EXERCISE DETAILS
Please copy the data exactly as it stands, minus the images.

----- DATA EXTRACT

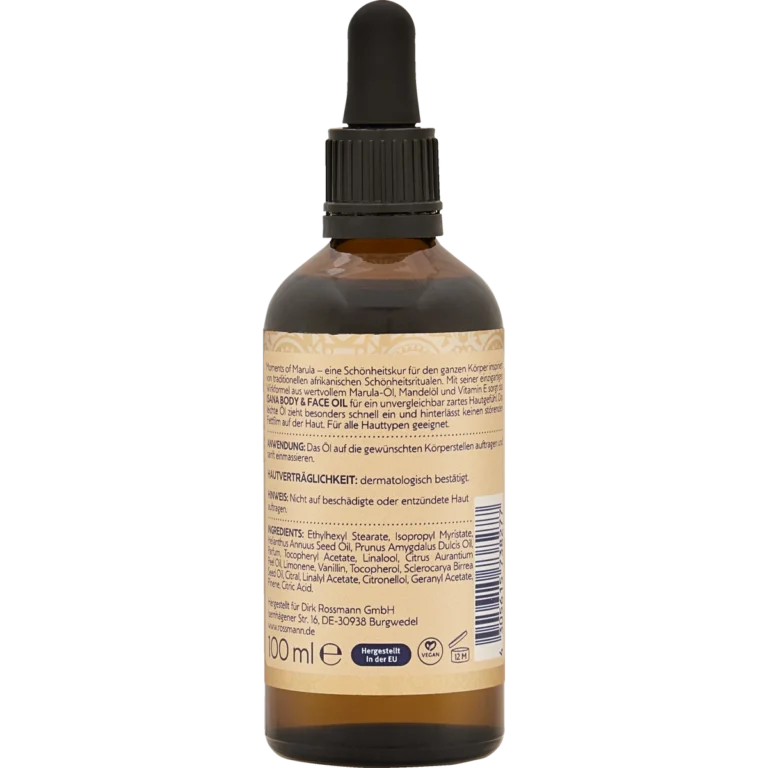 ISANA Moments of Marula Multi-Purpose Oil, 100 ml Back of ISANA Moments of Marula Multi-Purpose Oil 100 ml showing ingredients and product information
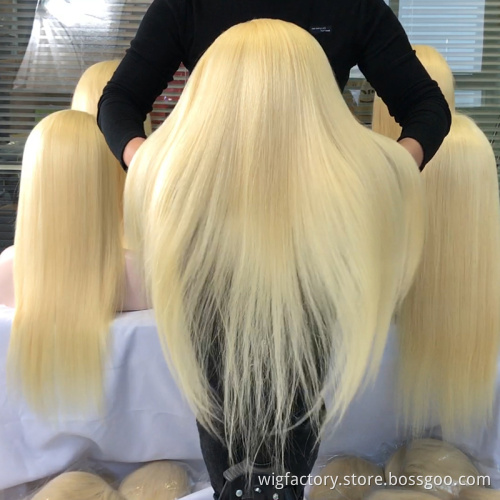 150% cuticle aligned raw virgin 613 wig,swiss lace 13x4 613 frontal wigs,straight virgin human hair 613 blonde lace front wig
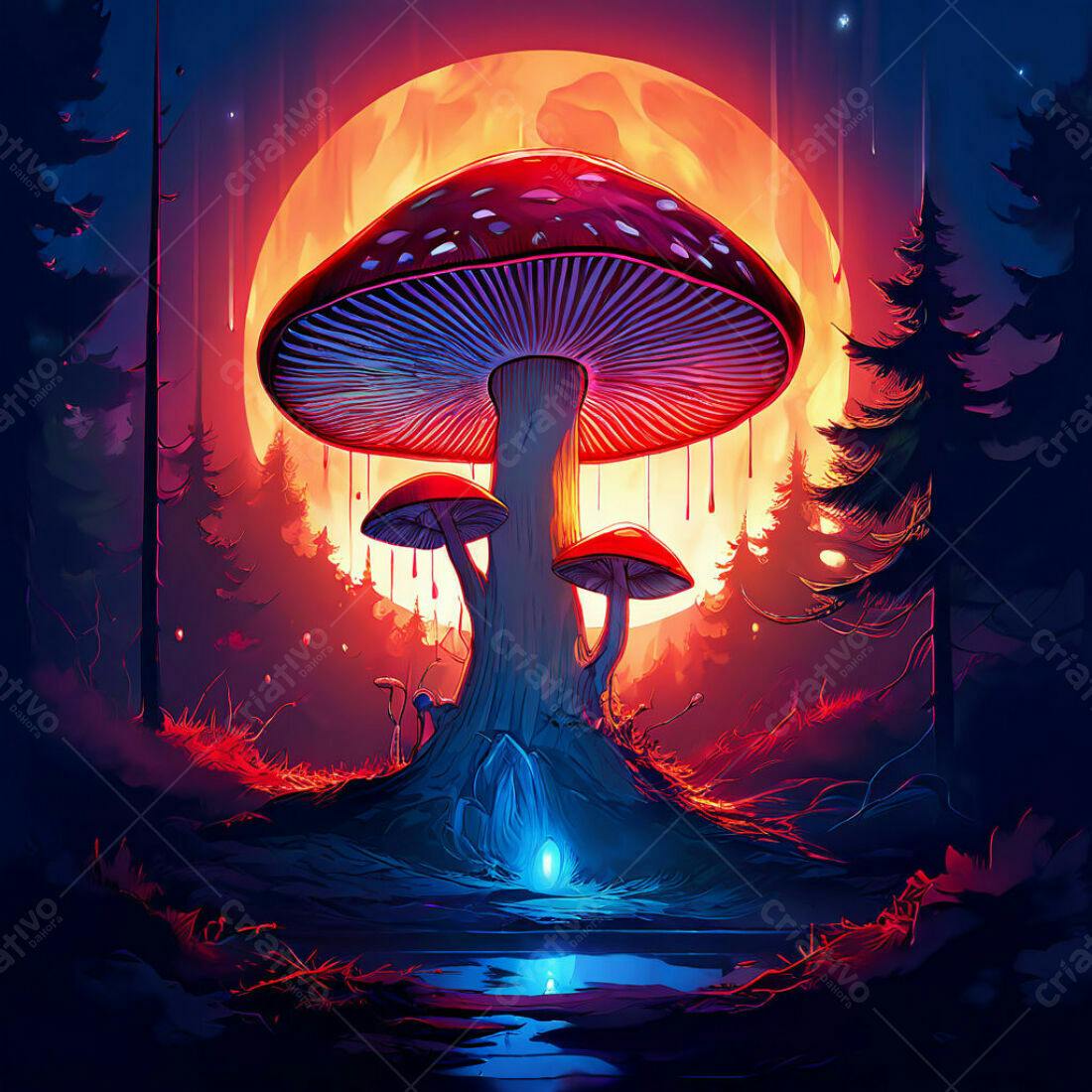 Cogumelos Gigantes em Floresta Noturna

----------

COMPLETED TASK
 ISANA Moments of Marula Multi-Purpose Oil, 100 ml Back of ISANA Moments of Marula Multi-Purpose Oil 100 ml showing ingredients and product information
 150% cuticle aligned raw virgin 613 wig,swiss lace 13x4 613 frontal wigs,straight virgin human hair 613 blonde lace front wig
 Cogumelos Gigantes em Floresta Noturna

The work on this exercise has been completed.